Flamingo Express heeft aangegeven dat hun aanbod uitging van hetzelfde salaris, hetzelfde aantal vakantiedagen en dezelfde pensioenregeling (maar dan bij een ander pensioenfonds) als deze medewerkers bij NPNA genoten. Aanvankelijk betrof het een contract voor één jaar. Na overleg met het personeel en de vakbond is het aanbod omgezet in een contract voor onbepaalde tijd.

  • 5. Was u ervan op de hoogte dat Flamingo Express vooral ervaren personeel zou ontslaan en minder ervaren personeel zou willen behouden? Zo ja, heeft dit bij u geleid tot zorgen over de kwaliteit van de postbezorging? Zo nee, was dit niet relevant voor het al dan niet gunnen van de aanbesteding aan Flamingo Express?

Antwoord

Flamingo Express heeft de intentie om een kwalitatief goede dienstverlening neer te zetten. Door het aanvaarden van de concessievoorwaarden heeft Flamingo Express zich hiertoe ook verplicht. Door middel van de concessiebeschikking zijn aan de concessiehouder kwaliteitseisen gesteld.
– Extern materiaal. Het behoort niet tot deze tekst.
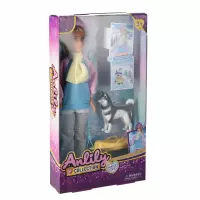 1. Mega Creative Lalka z Pieskiem 544400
De Autoriteit Consument en Markt houdt toezicht op het door de concessiehouder voldoen aan de gestelde eisen. Welk personeel de concessiehouder selecteert omtrent de uitvoering van de postdienstverlening is aan de concessiehouder zelf. Hier ligt geen verantwoordelijkheid voor de Nederlandse overheid.

  • 6. Is het u bekend dat de medewerkers van de NPNA die geen contract van Flamingo Express krijgen nog altijd in onzekerheid zijn over hun rechten en eventueel ontslag?

Antwoord

Het is mij bekend dat er nog onzekerheid is bij deze medewerkers over hun rechten en eventueel ontslag. Het is de verantwoordelijkheid van NPNA om deze zekerheid te geven. Het Ministerie van Economische Zaken heeft er bij NPNA opaangedrongen om hierover snel duidelijkheid te geven en op een zorgvuldige wijze met het personeel om te gaan. Daarnaast is het belangrijk dat deze medewerkers (eventueel via hun vakbond) het gesprek met NPNA blijven aangaan om tot een goede afwikkeling te komen.
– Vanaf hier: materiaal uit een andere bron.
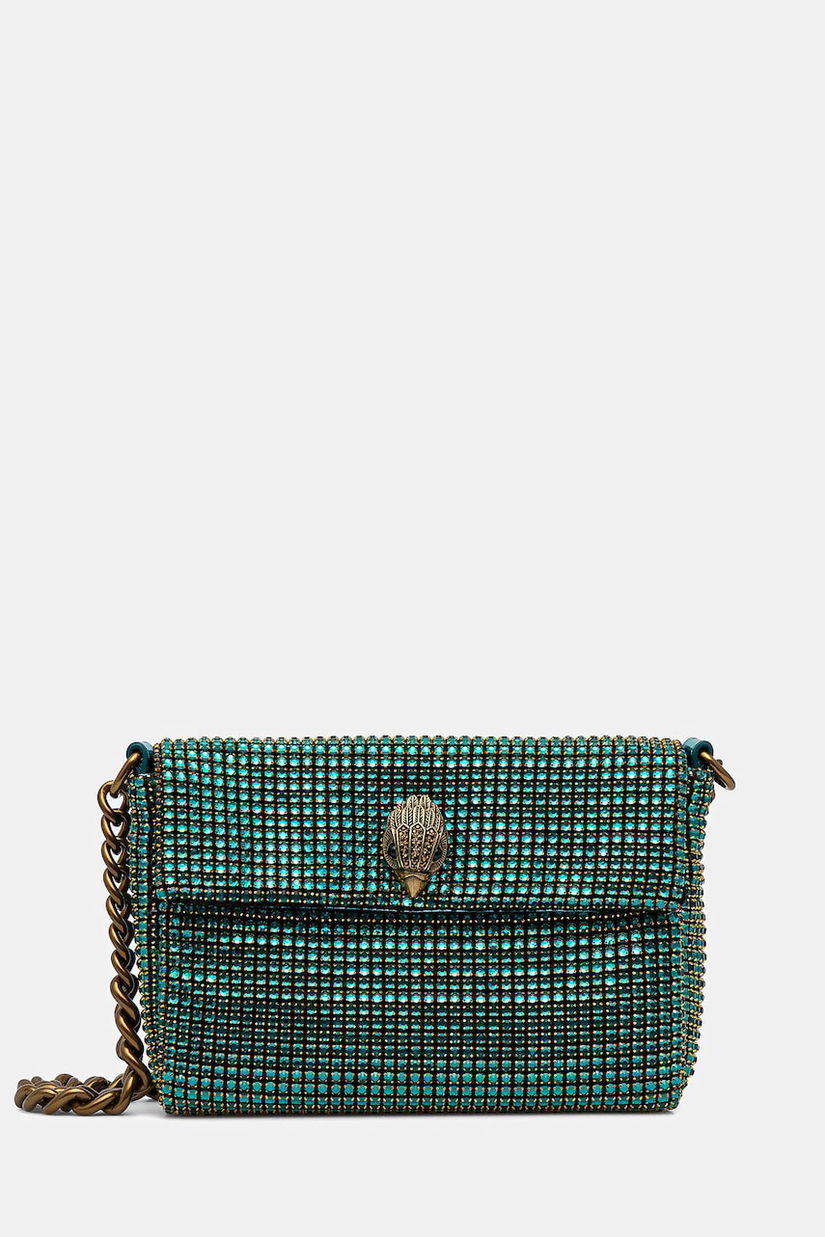 Kurt Geiger London geantă culoarea turcoaz, 4376697999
  • 7. Kunt u bevestigen dat de contracten van de medewerkers op arbeidsrechtelijk juiste manier moeten worden afgerond?

  • 8. Kunt u bevestigen dat deze medewerkers onder het Nederlands arbeidsrecht vallen?

Antwoord 7 en 8

De betrokken medewerkers hebben een arbeidsrechtelijke overeenkomst met NPNA en de verantwoordelijkheid voor een goede afwikkeling ligt derhalve bij NPNA. NPNA is voor 75% in handen van de overheid van Curaçao en voor 25% in handen van de overheid van Sint Maarten. Om deze reden vallen de betrokken medewerkers onder het arbeidsrecht van Curaçao.

Datakabel

Vragen:

  • 1. Hoe komt het dat gebruik van de datakabel erg duur is?

  • 2. Wat kan door wie worden gedaan om de kosten van dit gebruik te verlagen?

Antwoord 1 en 2:

Voor de beantwoording verwijs ik mede naar mijn eerdere beantwoording van de Kamervragen van de leden De Liefde, Bosman en De Vries (allen VVD) (Aanhangsel Handelingen II 2013/14, nr. 1041).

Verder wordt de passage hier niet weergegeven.